A thoughtful piece recently from Vlad Savov in The Verge – Retrovolution: mining the past to make the future.
Anders Warming doesn’t like the word “retro.” Ever since taking over as Mini’s chief of design in 2010, Warming has had to wrestle with the term’s meaning and its application to his company’s cars. Because it stems from “retrospective,” says the Danish designer, “it means you’re looking in the wrong direction.” He prefers to think of heritage instead, a concept that simultaneously acknowledges where a design comes from and looks to where it needs to be going.
It’s not just that branding grows ever more interested in the past as a source of meaning, authenticity, value.
The strong argument I offer is that design always attends to the past, has to, whether this is expressed in styling or not. The simple reason is that every design act has to take account of the current environment that determines design choices – the constraints of viability, feasibility, people’s expectations. This environment is, of course, an inherited one, the result of decisions and processes that may reach back thousands of years (as do urban infrastructures). This is the importance of infrastructures generally and path dependencies – that, for example, electrical standards established over a century ago completely condition the possibilities of designing such powered goods today.

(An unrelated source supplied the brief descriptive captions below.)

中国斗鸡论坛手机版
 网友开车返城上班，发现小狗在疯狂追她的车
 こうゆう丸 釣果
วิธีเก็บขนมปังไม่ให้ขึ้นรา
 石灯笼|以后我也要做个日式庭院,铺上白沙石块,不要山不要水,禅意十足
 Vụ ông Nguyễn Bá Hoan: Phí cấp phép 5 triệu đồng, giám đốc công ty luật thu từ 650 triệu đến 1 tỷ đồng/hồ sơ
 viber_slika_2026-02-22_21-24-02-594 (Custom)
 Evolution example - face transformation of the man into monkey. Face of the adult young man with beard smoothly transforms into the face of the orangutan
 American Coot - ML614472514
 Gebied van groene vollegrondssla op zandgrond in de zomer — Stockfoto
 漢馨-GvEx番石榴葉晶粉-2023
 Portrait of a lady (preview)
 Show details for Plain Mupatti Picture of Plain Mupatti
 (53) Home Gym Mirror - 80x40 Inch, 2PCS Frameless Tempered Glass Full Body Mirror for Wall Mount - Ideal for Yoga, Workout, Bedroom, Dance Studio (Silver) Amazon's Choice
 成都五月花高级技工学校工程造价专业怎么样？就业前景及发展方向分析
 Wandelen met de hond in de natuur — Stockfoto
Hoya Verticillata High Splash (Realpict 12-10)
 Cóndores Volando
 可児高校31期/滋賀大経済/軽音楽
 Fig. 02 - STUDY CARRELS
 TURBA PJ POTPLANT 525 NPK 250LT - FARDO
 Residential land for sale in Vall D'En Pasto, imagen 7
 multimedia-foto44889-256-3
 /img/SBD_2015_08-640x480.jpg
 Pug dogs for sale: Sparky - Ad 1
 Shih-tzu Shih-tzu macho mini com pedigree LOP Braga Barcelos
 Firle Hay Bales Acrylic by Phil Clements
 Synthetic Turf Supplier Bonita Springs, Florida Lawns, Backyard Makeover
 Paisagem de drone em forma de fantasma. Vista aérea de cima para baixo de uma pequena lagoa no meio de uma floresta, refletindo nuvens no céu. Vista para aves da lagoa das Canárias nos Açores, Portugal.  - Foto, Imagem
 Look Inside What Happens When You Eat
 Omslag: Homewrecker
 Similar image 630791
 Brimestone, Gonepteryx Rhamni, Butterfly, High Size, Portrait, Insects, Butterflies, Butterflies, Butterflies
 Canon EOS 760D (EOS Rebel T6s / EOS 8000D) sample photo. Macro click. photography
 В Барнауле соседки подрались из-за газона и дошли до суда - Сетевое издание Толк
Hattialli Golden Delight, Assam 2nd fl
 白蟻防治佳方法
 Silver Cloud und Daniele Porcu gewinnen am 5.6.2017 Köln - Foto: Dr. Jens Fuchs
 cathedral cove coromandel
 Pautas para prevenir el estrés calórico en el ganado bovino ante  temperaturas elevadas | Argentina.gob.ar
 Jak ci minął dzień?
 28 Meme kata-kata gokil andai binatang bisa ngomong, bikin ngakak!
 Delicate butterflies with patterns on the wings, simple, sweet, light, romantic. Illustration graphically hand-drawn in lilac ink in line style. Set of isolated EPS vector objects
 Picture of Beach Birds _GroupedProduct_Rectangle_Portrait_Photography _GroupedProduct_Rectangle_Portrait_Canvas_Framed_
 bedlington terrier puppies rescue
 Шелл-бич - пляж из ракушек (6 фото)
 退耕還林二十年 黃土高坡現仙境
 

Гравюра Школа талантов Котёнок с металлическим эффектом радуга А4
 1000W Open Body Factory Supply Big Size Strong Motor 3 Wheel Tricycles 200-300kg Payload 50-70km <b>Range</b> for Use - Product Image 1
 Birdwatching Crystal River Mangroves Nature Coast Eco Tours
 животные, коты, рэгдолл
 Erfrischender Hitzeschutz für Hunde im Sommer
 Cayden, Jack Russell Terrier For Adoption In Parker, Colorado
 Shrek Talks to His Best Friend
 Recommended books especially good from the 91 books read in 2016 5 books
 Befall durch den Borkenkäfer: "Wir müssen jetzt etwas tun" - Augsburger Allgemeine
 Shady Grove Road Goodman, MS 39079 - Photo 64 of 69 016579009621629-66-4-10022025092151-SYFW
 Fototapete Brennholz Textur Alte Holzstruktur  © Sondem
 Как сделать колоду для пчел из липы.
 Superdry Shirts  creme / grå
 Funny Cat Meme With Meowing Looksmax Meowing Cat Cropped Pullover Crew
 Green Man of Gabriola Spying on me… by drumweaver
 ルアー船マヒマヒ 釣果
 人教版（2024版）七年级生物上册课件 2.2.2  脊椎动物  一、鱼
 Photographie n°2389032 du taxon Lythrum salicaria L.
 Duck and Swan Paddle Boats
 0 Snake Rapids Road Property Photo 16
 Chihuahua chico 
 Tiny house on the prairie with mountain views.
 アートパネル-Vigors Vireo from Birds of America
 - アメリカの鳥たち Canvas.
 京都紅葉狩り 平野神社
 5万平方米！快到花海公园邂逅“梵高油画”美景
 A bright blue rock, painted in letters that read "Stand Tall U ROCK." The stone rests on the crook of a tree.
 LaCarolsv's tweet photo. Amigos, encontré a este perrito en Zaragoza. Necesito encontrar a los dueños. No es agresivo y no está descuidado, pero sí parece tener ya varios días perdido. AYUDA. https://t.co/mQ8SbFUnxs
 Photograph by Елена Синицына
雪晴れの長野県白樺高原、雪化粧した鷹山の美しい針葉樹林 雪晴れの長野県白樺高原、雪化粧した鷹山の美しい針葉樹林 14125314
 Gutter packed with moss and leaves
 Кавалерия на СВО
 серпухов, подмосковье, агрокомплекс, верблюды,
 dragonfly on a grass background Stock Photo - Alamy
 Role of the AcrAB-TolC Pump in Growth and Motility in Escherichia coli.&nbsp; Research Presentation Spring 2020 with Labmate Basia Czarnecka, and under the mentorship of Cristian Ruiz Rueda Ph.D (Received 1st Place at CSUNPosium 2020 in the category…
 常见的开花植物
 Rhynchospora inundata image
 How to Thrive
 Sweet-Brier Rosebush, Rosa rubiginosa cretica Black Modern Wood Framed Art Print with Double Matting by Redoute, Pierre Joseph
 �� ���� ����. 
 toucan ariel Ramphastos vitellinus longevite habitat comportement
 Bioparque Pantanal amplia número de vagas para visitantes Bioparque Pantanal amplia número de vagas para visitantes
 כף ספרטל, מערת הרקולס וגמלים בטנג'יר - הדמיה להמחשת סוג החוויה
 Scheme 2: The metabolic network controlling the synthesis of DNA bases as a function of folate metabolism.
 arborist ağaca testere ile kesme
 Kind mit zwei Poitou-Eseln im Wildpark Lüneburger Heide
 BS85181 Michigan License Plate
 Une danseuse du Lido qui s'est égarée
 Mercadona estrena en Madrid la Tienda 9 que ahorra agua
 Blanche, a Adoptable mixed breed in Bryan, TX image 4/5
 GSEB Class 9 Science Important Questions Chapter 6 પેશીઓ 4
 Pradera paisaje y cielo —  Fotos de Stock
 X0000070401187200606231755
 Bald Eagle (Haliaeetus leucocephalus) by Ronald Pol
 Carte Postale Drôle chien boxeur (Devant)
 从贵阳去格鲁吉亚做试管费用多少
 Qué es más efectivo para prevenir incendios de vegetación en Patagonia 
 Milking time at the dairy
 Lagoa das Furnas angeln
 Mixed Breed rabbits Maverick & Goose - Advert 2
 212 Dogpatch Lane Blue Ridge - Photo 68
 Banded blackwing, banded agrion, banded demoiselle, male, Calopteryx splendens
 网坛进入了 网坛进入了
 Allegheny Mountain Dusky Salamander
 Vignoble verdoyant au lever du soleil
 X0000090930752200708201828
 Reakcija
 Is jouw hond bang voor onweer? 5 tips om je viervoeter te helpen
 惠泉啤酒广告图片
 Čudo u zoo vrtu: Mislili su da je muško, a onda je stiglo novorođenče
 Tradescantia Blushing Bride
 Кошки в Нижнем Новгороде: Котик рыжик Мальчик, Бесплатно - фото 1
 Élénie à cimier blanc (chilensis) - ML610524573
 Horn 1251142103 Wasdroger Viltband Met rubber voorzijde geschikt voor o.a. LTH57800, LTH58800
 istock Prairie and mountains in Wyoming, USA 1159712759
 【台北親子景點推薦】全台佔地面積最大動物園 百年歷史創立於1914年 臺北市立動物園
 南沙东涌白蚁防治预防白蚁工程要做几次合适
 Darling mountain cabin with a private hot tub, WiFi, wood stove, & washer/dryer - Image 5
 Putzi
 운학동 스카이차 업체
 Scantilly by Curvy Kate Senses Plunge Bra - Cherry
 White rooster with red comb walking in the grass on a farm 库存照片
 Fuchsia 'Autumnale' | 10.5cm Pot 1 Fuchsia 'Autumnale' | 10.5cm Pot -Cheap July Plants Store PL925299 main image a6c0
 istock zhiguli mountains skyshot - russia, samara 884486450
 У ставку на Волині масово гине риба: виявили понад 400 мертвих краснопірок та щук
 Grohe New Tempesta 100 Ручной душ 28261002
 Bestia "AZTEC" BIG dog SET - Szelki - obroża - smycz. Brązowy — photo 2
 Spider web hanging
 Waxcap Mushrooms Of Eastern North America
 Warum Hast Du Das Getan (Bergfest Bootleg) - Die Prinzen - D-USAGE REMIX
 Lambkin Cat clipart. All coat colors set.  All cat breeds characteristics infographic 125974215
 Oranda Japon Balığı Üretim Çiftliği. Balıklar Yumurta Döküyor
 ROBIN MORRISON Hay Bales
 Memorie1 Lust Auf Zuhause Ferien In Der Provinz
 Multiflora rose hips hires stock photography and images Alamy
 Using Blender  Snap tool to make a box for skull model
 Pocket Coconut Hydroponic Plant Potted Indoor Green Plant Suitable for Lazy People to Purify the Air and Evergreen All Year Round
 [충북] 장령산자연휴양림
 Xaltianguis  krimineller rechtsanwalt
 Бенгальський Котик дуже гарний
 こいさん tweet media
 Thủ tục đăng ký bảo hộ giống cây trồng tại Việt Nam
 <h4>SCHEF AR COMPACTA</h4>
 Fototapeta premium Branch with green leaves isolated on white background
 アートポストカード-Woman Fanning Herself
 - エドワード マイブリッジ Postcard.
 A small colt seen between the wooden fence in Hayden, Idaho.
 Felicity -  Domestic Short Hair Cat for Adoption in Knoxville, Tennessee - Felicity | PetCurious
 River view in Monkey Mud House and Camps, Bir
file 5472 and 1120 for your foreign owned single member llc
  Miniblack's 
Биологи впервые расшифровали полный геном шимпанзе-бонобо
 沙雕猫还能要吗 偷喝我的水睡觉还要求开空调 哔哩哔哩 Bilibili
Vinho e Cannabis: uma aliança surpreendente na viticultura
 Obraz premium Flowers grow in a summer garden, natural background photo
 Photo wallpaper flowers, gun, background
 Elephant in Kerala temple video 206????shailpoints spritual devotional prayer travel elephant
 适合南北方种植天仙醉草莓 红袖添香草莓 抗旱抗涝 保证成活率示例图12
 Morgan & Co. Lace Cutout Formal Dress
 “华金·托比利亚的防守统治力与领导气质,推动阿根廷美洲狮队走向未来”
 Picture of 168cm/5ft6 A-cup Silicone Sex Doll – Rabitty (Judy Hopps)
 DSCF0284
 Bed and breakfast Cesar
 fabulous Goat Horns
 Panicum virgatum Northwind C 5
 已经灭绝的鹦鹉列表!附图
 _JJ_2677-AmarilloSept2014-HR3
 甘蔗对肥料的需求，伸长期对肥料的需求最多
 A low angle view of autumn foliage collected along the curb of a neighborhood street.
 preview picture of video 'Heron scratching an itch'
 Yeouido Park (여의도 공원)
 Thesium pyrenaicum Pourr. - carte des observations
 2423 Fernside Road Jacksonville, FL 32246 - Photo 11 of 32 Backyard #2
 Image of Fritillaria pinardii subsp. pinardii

Perhaps ironically therefore, the most effective innovations are always those that are most sensitive to time — the passage of time and how things hang on to influence what comes after. (A kind of corollary is that creative innovation only really becomes clear with hindsight.)
While the designers I talk with are always very conscious of this significance of design history, there are few formulated principles or methodologies for so dealing with time, history, memory. Given the challenges facing the world today, this is one of the most pressing challenges for human centered design.